Most lamb producers are small-scale and hobby farmers. They tend to lamb in late winter and early spring, when raging winter storms and the bitter cold have passed. This means that their lamb is slaughtered in the fall, flooding the market for a short period over the fall and early winter. Then, in spring and early summer, large lamb-producing countries such as Australia and New Zealand capture the Canadian market, filling supermarket shelves. Also, given their more temperate climes and year-round production, these countries can continuously supply international markets.

However, there is an increasing demand for lamb in Canada, not least due to a growing interest in what we eat, but also due to an expanding immigrant and ethic population. This should spell good things for local lamb producers, but there’s another stumbling block: slaughter. Small-scale producers find it exceptionally difficult to book slots to get their animals slaughtered when the time comes, leaving many of them with expensive feed bills while they wait. Constantly fluctuating and rising costs make long-term planning and security impossible.

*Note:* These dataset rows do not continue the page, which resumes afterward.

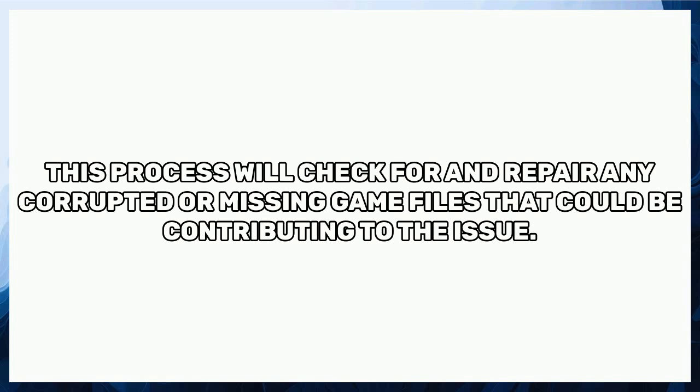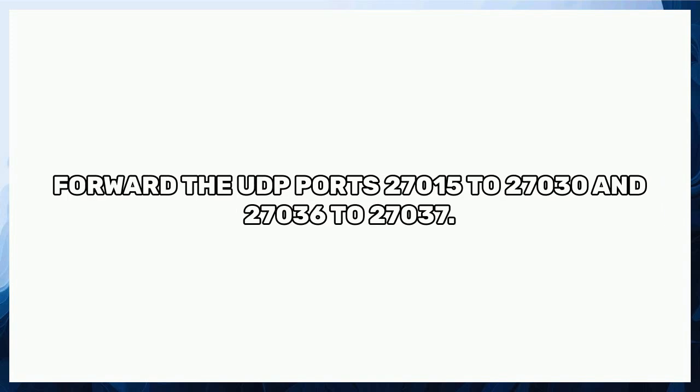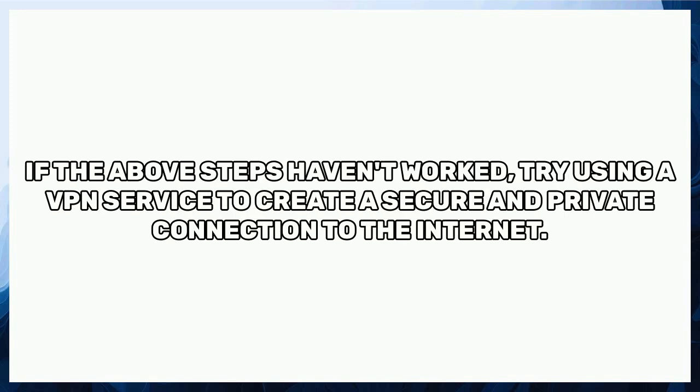Access your router's settings, usually by typing its IP address into a web browser, and find the Port Forwarding section. Forward the UDP ports 27015 to 27030 and 27036 to 27037. This step allows the game to communicate properly through your network.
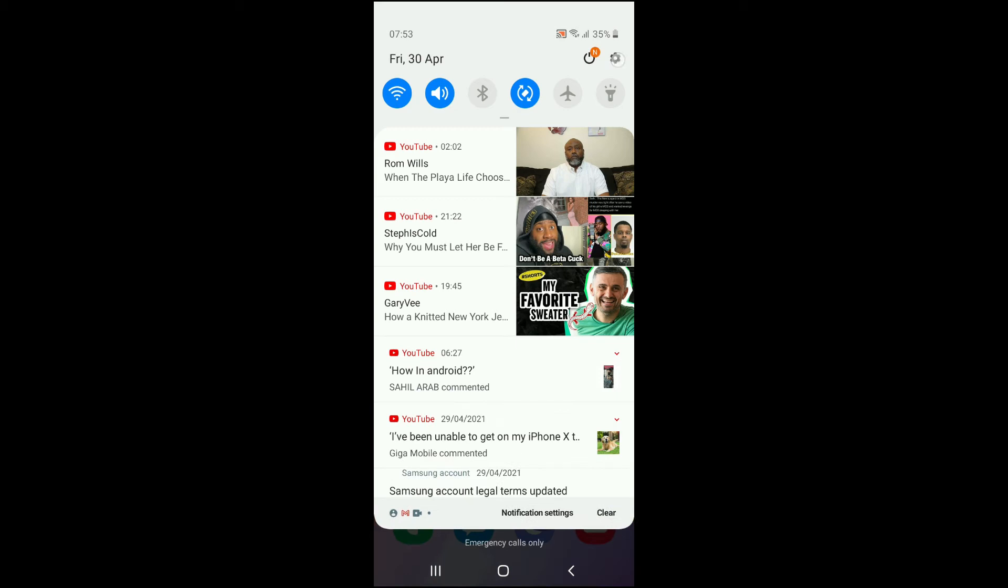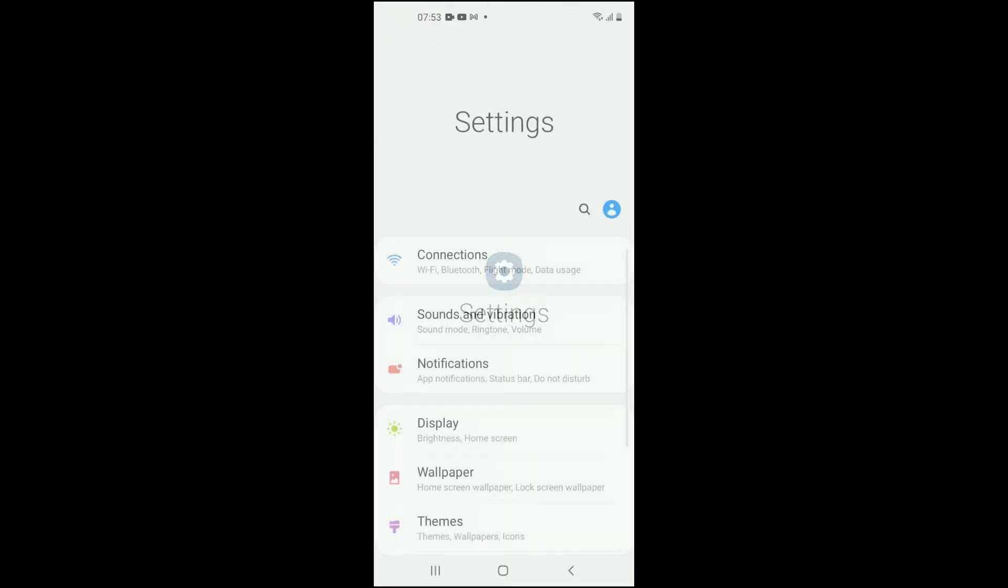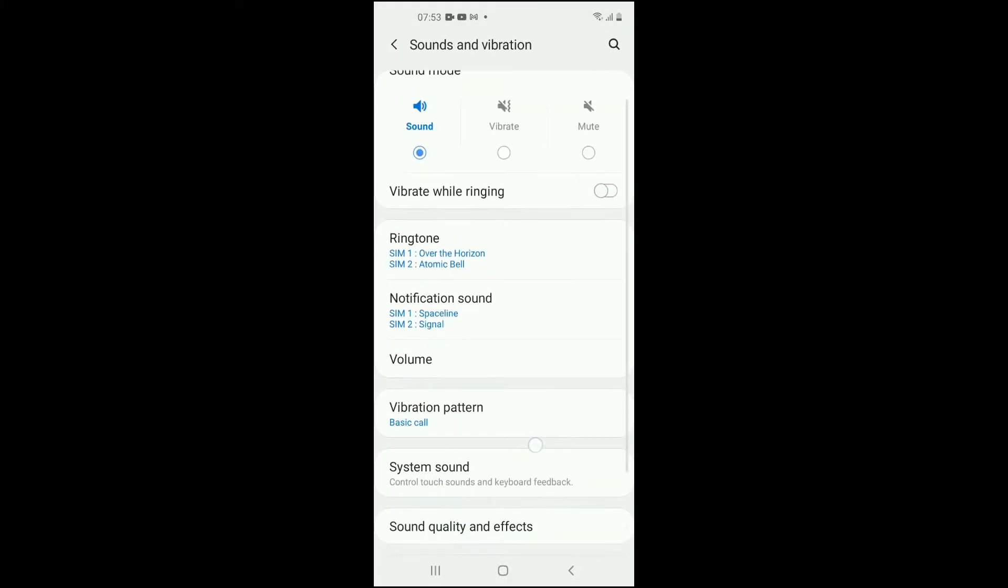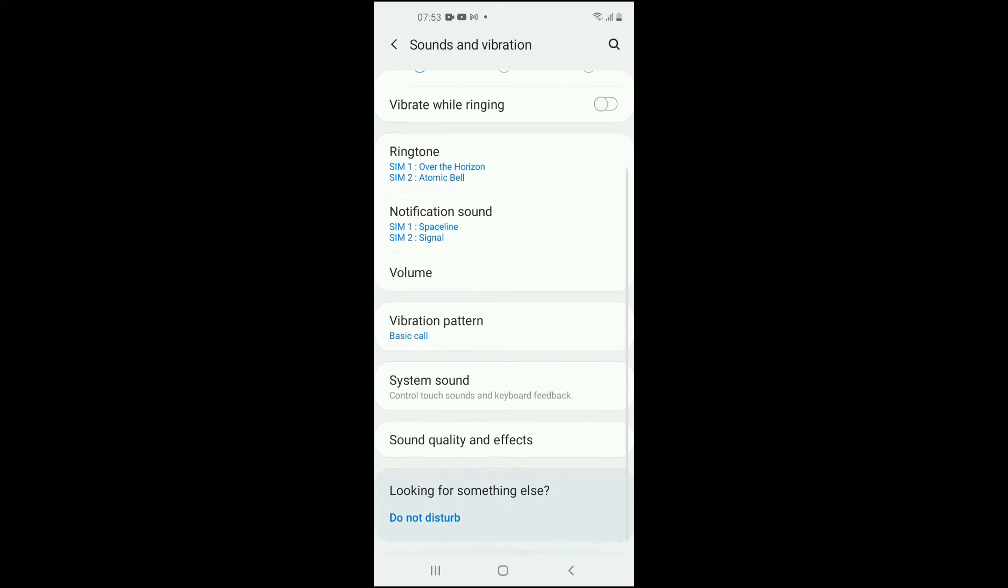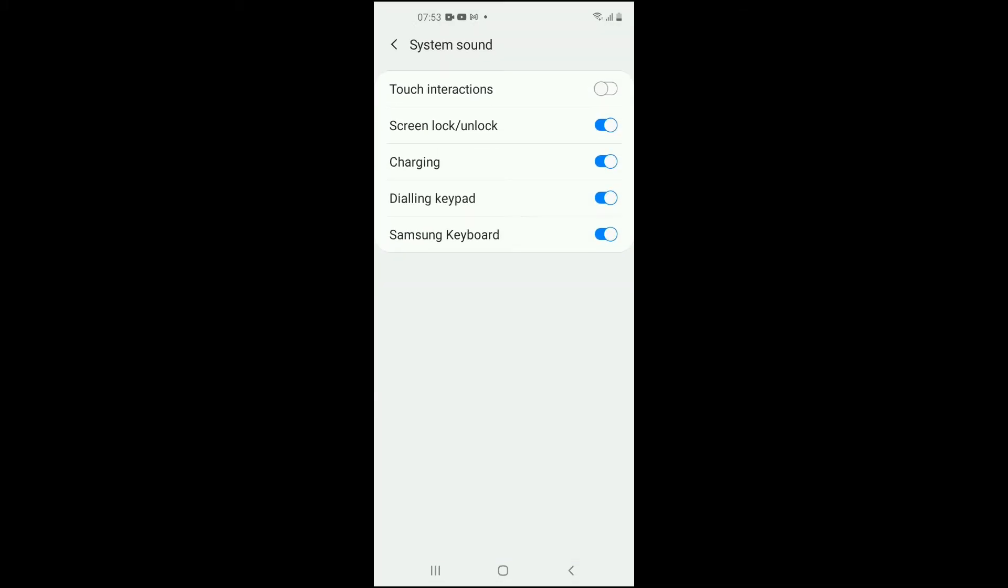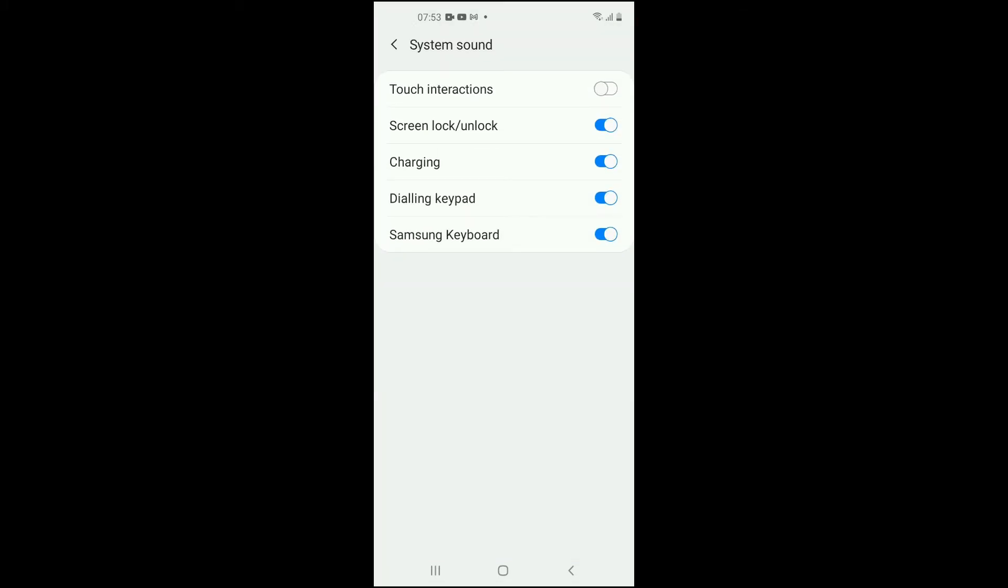Then you're going to select Sounds and Vibration. Then you want to select System Sound, and there you'll see Charging. You want to turn that off.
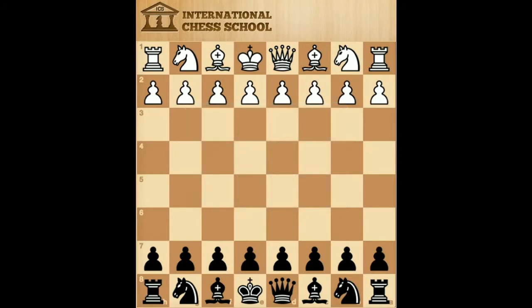Let's get to our example game, which was played by Masters in 2008. We'll go quickly through the opening, as it's not important to our video.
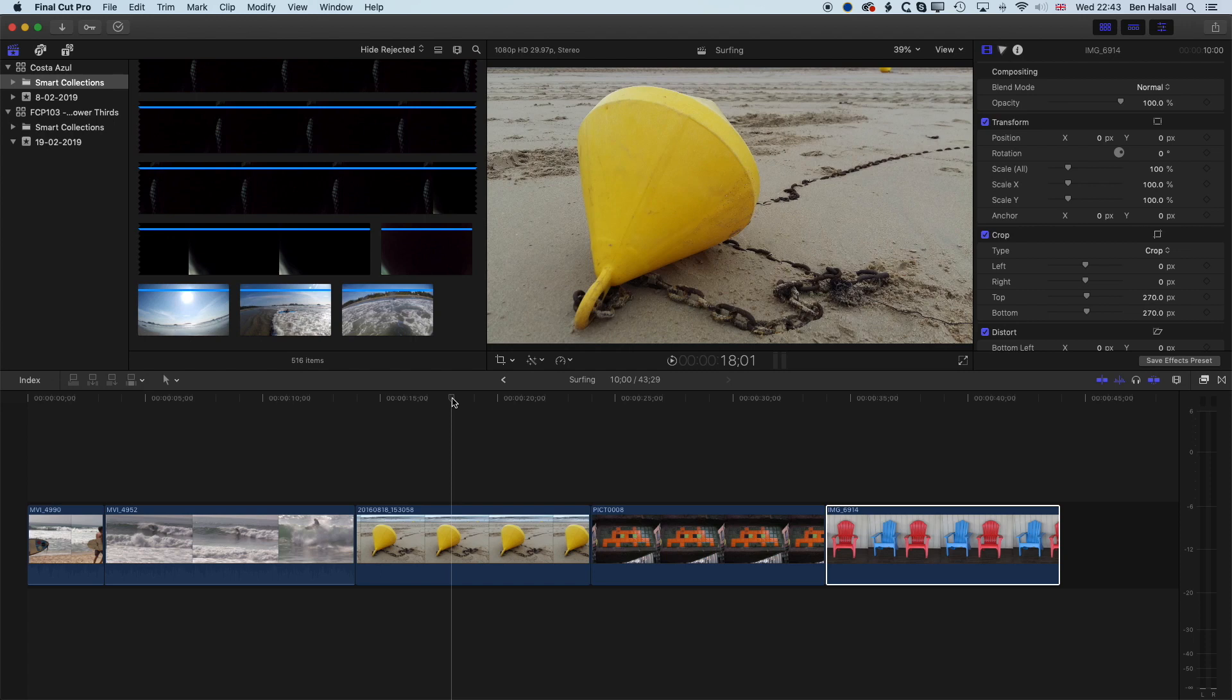So here in Final Cut Pro, we're going to have a look at how we use the color picker to select color for our shapes or for our type when we're working in Final Cut Pro.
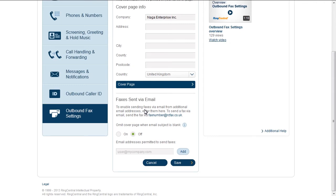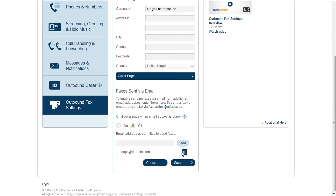The email subject will be the subject line on the fax cover sheet. You can add up to five trusted email addresses. And that's all there is to it on outbound fax settings.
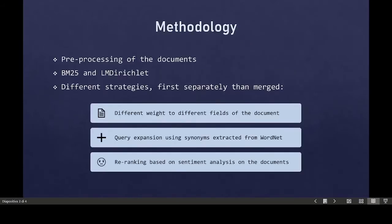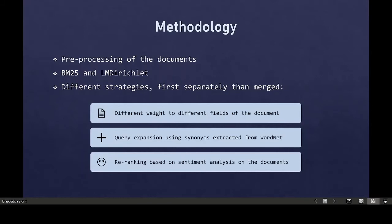After applying tokenizer, filter and stoplist, we applied some techniques to improve the system. In particular, we set different weights to the different fields of the document, that we split into body, premises and conclusion. We noticed that the best score would be obtained assigning a higher weight to the premises, the most informative field, and a lower one to the body and the conclusions.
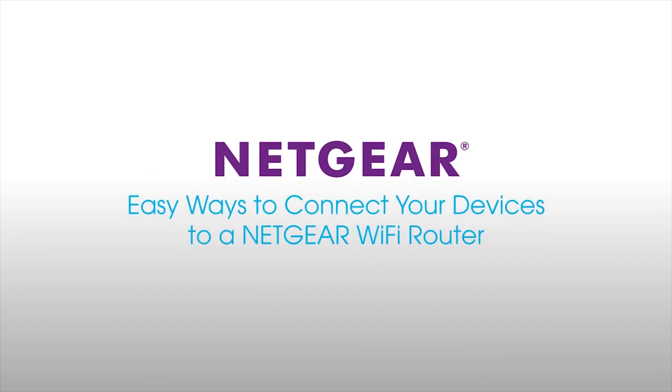This video will walk you through a few simple ways to connect Wi-Fi devices to your Netgear router.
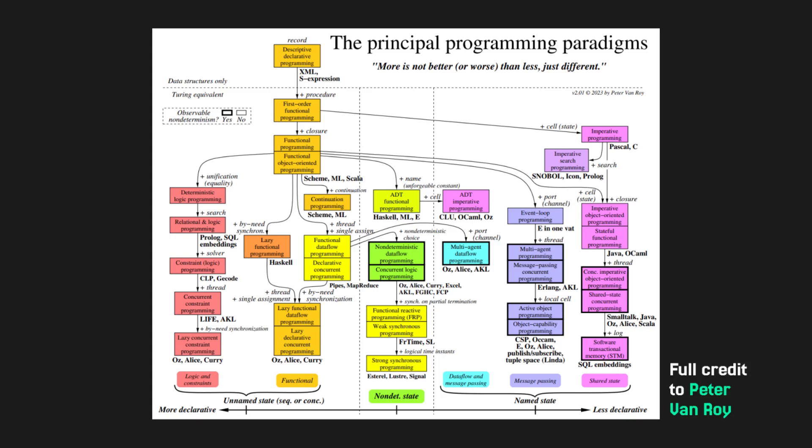This graph also shows with what thinking certain languages were constructed. The thought process of the languages on the left is more or less opposite to the ones on the right. It also tells us about the history of languages. You can see from the top how they started out, and how they specialize more and more at the bottom.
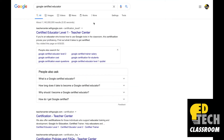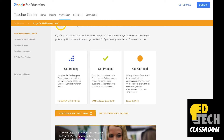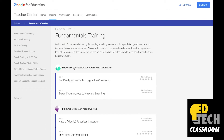So I just typed in Google Certified Educator into Google, and this link right here at the very top says Certified Educator Level 1 Teacher Center. I'm going to click on it and just dive right in by starting with the training. It says: welcome to Fundamentals Training. By reading, watching videos, and doing activities, you'll learn how to integrate Google in your classroom. You can start and stop lessons at any time and we'll track your progress. At the end of this course, you'll be ready to take the exam to become a Google Certified Educator Level 1.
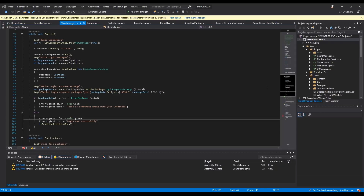Hello and welcome to a new video of my Unity MMO tutorial series. In this lecture we want to start with the character selection, and therefore we have to do some code and some UI stuff. I will start with some code.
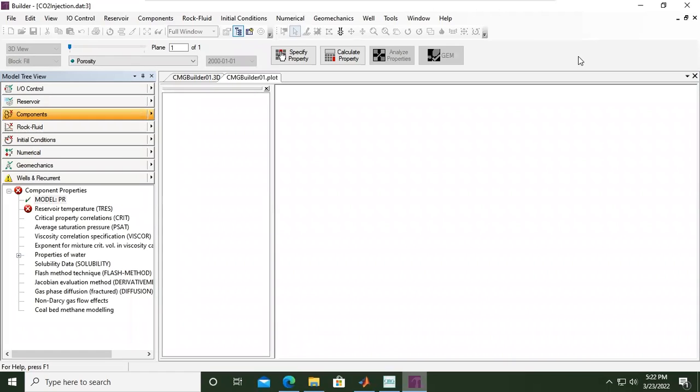Hello everyone, welcome again to the Engman YouTube channel. In this video we will continue our case of reservoir simulation for CCS, carbon capture and sequestration in geological storage. We want to study CO2 injection into an aquifer and we will do that using CMG.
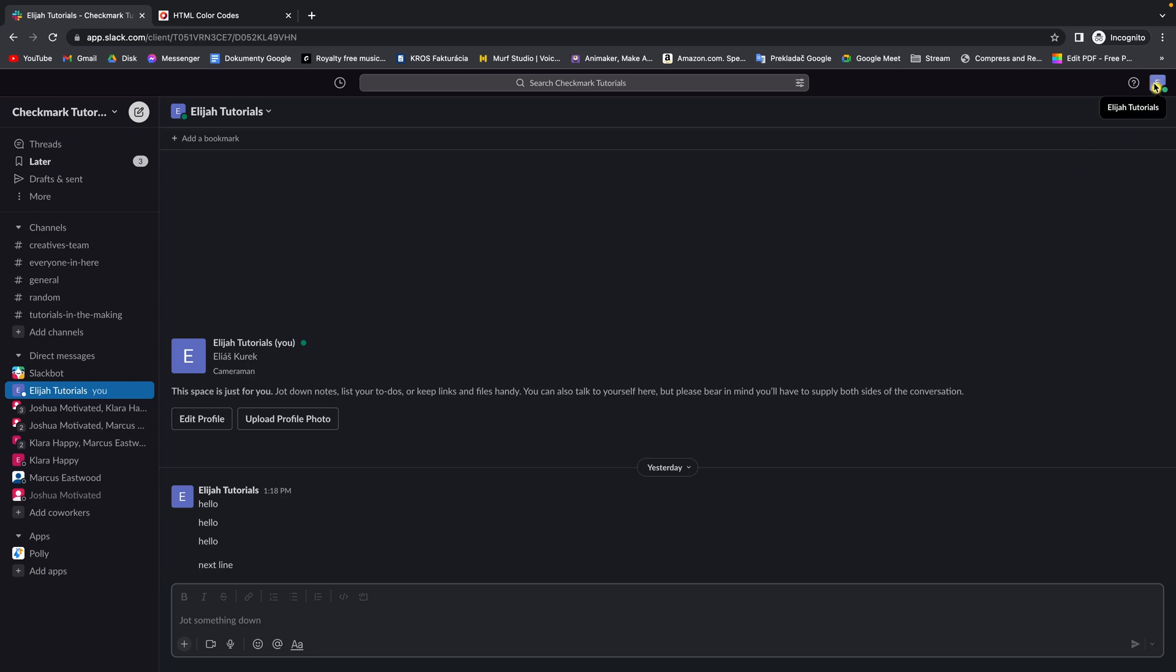So if you want to just turn them off, go over to your profile picture and click on it.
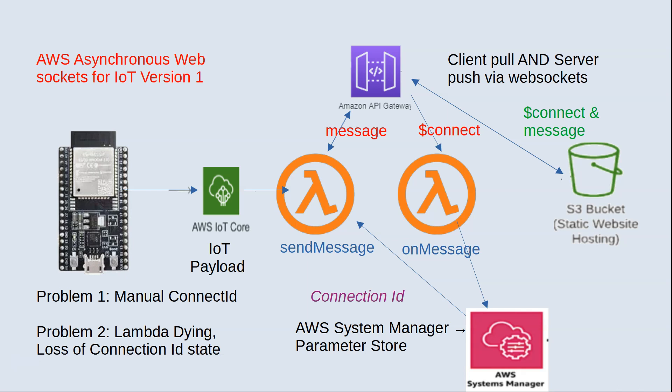We had those two Lambdas, one in Node and one in Python. The first problem is obvious: we didn't want to do that hokey manual connection ID where I had to grab it out of CloudWatch and put that unique connection ID, which is a requirement of WebSockets, and stick it into my Python Lambda so it can make that API connection.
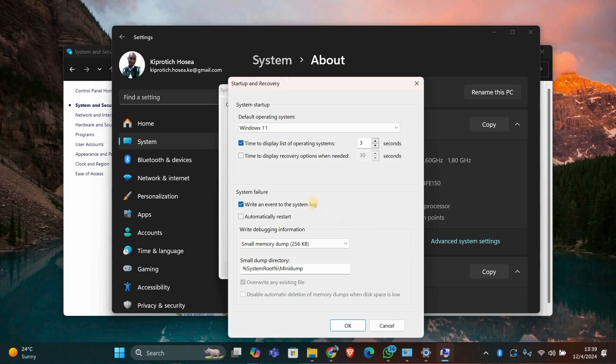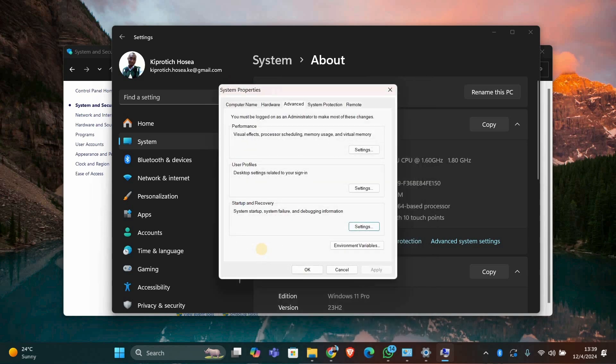In the Startup and Recovery window, look for the option that says Automatically Restart. This setting is likely causing your PC to restart instead of shutting down. Uncheck the box next to Automatically Restart and then click OK to save the changes.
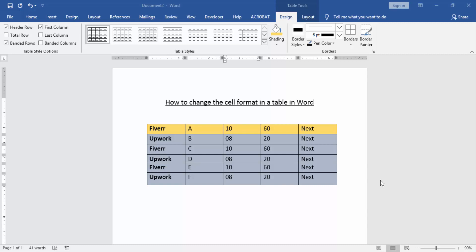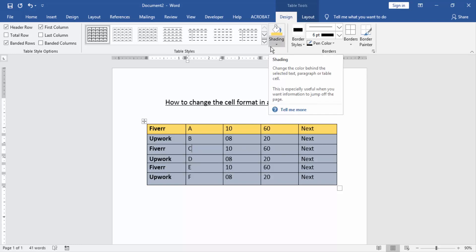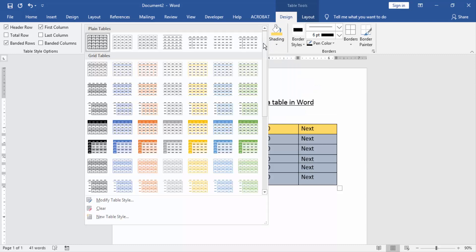At first we have to open a Word document and take a table. Now we can see here this is a formatted table. Now we change the cell format - click the cell and go to the Design menu and select the style option and choose none style.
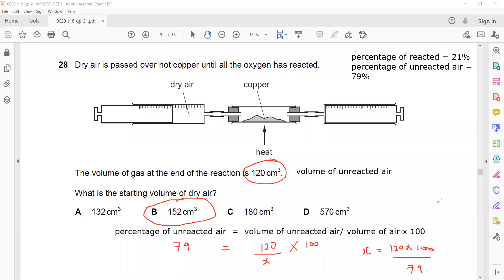Is it clear how to work out the starting volume from the volume of unreacted air — the air which is left? Any other questions related to this exam?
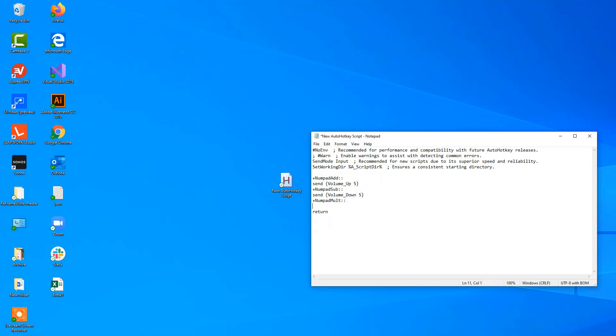Then we want to send, and the command for this is volume mute, so it's fairly intuitive. So volume mute, and then curly bracket end, like this.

Photo 1: Erin Krekoski, top left, originally from a farming background in Alberta, has been raising sheep in the Ottawa area since 2013.
Photo 2: Krekoski has 65 Icelandic ewes on her land, chosen “because they offer multiple products, such as wool and sheepskin,” she says, “and, as a breed, Icelandics have a centurieslong grass history, to which they are particularly wellsuited.” They eat only minerals, salt and well-made hay off her own land and their meat is her main product.

Ferme Sol
The slaughter challenge is one reason Ginger Howell of Ferme Sol near Wakefield substantially reduced her flock. “We are lucky that anybody at all wants to farm in these conditions,” she says. “Farmers just want to farm. It is the essential service. If there’s no food, nothing else matters.” Her second reason for changing focus is that she’s passionate about developing a local textile economy.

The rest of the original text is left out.